Un peu plus tard, il descend dans la rue, totalement vide, presque tous les habitants ont quitté le quartier. Il se rend chez un épicier coréen pour acheter un peu à manger, car il a décidé avec sa femme de rester chez lui. Au détour d’une rue, il croise alors un individu qu’il n’avait encore jamais vu dans le quartier, un jeune homme noir, très beau, en train de peindre méticuleusement la porte d’un immeuble. Il se demande aujourd’hui si cette personne a vraiment existé.

Ce dernier souvenir vient je crois illustrer ce qui m’a le plus fasciné chez Dennis Adams : une disponibilité extraordinaire vis à vis du monde, des autres, des évènements. Une capacité remarquable d’attention et d’observation. Un décalage perpétuel aussi. Un talent, sinon un état d’esprit, qui lui permet sans doute de s’exprimer comme il le fait et de créer.
Tout cela m’inspire, évidemment.

Nous avons rendez-vous à Manhattan fin août.



Ci-joint dans la rubrique Voyages et Tournages, un lien sur les photos du tournage de "Spill".

3 commentaires:

Antoine Brisson a dit…

j'aime bien les billets comme ça !
Au plaisir des discussions nocturnes et sans fin, à Bdx ou ailleurs !

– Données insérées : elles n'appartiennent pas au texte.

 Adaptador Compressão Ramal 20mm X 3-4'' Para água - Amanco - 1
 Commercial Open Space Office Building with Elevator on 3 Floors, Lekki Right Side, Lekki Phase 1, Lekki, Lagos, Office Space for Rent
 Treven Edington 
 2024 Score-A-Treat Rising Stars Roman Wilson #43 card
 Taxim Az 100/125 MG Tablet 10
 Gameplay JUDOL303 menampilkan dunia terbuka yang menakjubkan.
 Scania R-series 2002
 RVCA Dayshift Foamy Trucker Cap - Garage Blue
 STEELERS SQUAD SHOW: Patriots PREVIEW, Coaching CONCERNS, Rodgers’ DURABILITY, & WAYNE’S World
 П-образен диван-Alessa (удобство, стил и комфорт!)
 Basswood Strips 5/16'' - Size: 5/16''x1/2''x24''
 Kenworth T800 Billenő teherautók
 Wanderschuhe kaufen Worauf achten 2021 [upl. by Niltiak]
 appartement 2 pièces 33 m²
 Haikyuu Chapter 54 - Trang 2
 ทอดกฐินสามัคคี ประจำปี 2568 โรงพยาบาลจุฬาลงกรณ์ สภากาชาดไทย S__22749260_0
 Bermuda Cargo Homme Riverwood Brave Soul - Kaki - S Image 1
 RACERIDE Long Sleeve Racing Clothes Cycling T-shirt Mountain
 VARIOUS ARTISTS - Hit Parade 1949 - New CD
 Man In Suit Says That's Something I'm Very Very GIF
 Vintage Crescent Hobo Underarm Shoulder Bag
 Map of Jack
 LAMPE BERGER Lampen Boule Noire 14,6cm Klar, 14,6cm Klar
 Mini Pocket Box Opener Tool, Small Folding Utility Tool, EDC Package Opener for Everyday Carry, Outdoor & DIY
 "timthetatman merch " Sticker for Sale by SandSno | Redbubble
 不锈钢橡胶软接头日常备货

Les rencontres, y'a que ça de vrai...

Matthias LING a dit…

J'ai beacoup aimé le film. Bravo à vous et à Dennis Adams.

Philippe Méziat a dit…

Je viens de voir ce film place St Projet (!), en plein coeur de Bordeaux, et tout à fait par hasard : un container très laid sur la place St Projet, "c'est Evento" me suis-je dit ! Une fois entré, et après avoir vu la fin du film, j'ai repris au début, et tout doucement la force de cette oeuvre s'est imposée. Splendide marche, belle démarche, politique dans le plus strict sens du terme? Nous nous focalisons sur cette surface liquide en mouvement tournant, nous sommes happés par la lenteur de la marche, et petit à petit la beauté du texte s'impose, et la force critique qu'il porte, le jugement impitoyable sur l'époque de la collaboration, Adrien Marquet, Papon, les grandes familles du vignobles, enfin tout y passe. FORMIDABLE ! Très belle oeuvre. Oui, oeuvre, et pas seulement moyen de communication. J'espère qu'Alain Juppé a vu ça.